RJRGLEANER-Don Anderson Poll | Mahfood: Slashing GCT by 6% would rocket economy
Government’s tax cuts have been hailed by chief executive officer of Jamaican Teas, John Mahfood, as a good move, but the businessman said yesterday evening that it was inadequate to boost the personal financial well-being of the majority of Jamaicans.
Responding to the latest RJRGLEANER-commissioned Don Anderson poll, which found that 53 per cent of Jamaicans have experienced no financial improvement in the past three years, Mahfood suggested that six percentage points be slashed from the current general consumption tax (GCT) rate. The poll indicated that 40 per cent of Jamaicans are seeing brighter financial statuses.
“In an economy that has been growing by only one per cent a year for the past three years and before that, near zero, very few people are going to feel a great benefit to their pocketbooks. Government could take a more aggressive position to stimulate the economy.
“Rebate of some taxes is good, because we are overtaxed, but I believe this isn’t the stimulation route for the majority (of people). The very high GCT of 16.5 per cent is where they should have started, and over the next two years bring it down to 10 per cent. The extra six per cent would mean a lot to poor people because most of their money goes towards basic food, which is heavily impacted by GCT.”
“A reduction would make them spend more, and would reduce the cost of houses. Every house built has a lot of GCT in it. I think that’s where their focus should have been, and not on reducing transfer tax and asset tax, which don’t benefit majority the of Jamaicans.”
The poll indicated that although personal finances have not improved, Jamaicans observed an increase in the number of jobs. Fifty five per cent of respondents believe more jobs have been created, while 35 per cent disagreed.
On the issue of the country’s fluctuating foreign exchange rate, 41 per cent indicated a lack of confidence in the Bank of Jamaica’s (BOJ) ability to manage the situation while 33 per cent gave the bank the thumbs up in managing the currency rate.

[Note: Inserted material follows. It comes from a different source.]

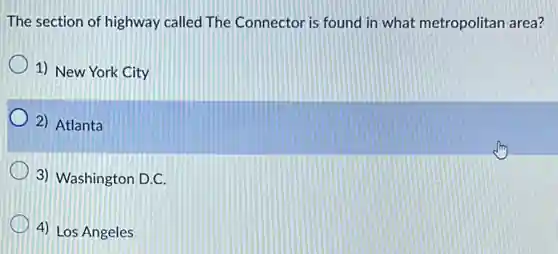 The section of highway called The Connector is found in what metropolitan area?
1) New York City
2) Atlanta
3) Washington D.C.
4) Los Angeles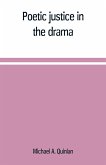 Poetic justice in the drama; the history of an ethical principle in literary criticism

Responding to this issue, Mahfood said, “One doesn’t like to see the fluctuation by such a large margin. It’s not good for business. However, in the past six years we have experienced reasonably stable foreign exchange rates. I believe it has been reasonably managed by the BOJ. It would be great, though, if we could get a better understanding from them as to why we have these major fluctuations. If people understood, it would help with better planning,” Mahfood stressed.
The BOJ implemented B-FXITT in 2017 as a tool to manage currency rates and limit volatility.